▶ [EXERCISE]: For this exercise, the lines from the one with "Nike Детские кроссовки" through the end of the material below must be output exactly, without pictures.

▶ [DATASET SECTION]:
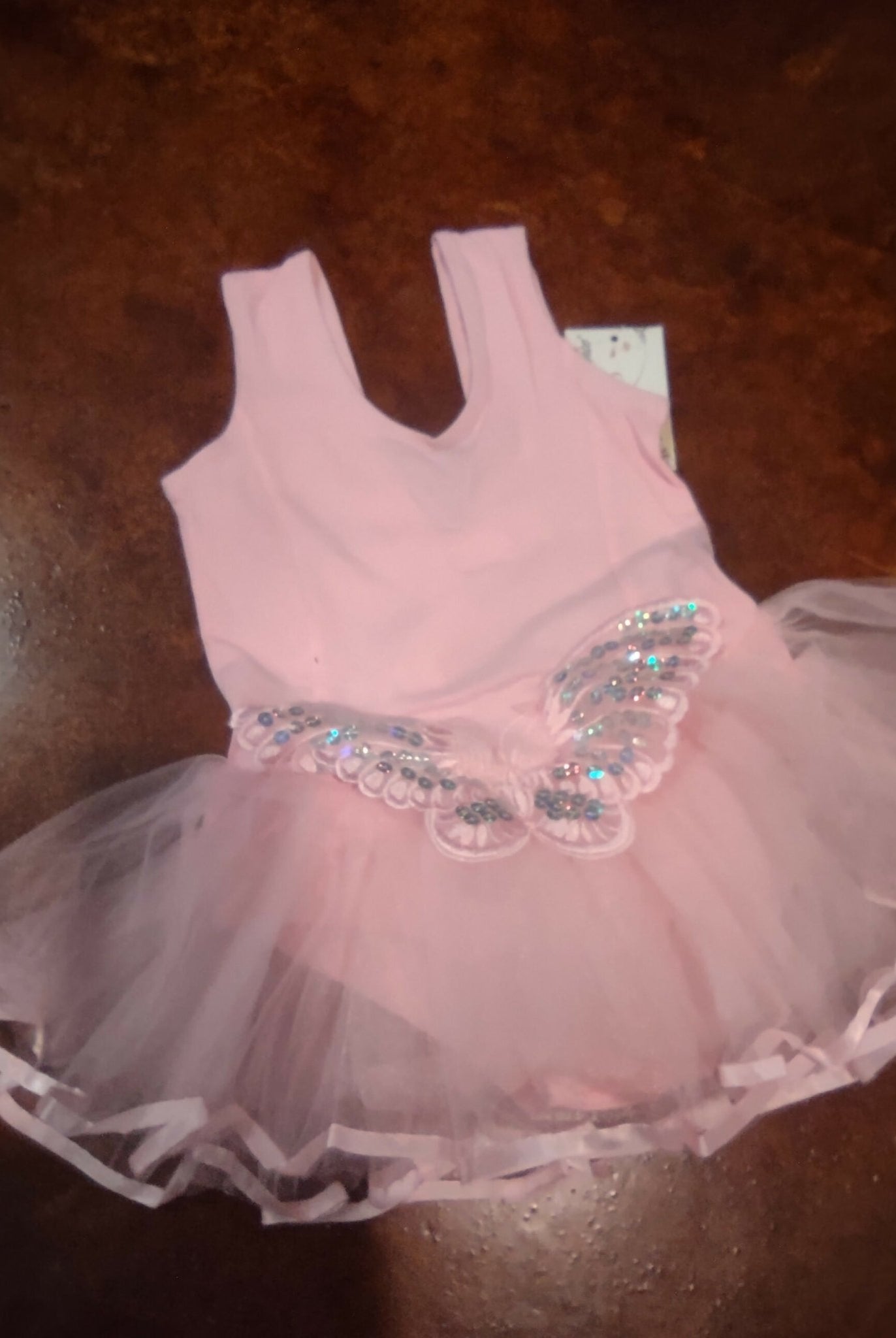 Butterfly Skirted Leotard - Deadwood South Boutique & Company LLC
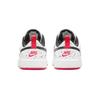 Nike Детские кроссовки Court Borough Low 2 SE TD White Very Berry черные DM0112-100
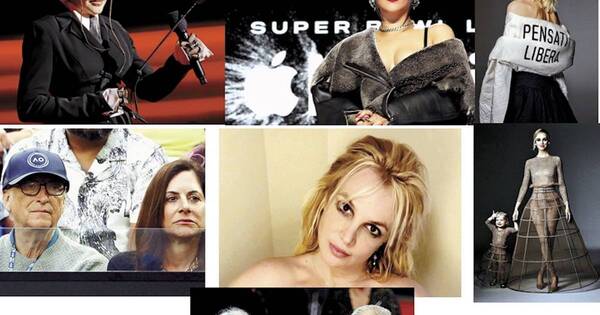 La Nación / Madonna responde, Rihanna en el Super Bowl, Dior con mensaje, Bill con novia y la playlist de Carlos III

▶ [WRITTEN SOLUTION]:
 Nike Детские кроссовки Court Borough Low 2 SE TD White Very Berry черные DM0112-100
 La Nación / Madonna responde, Rihanna en el Super Bowl, Dior con mensaje, Bill con novia y la playlist de Carlos III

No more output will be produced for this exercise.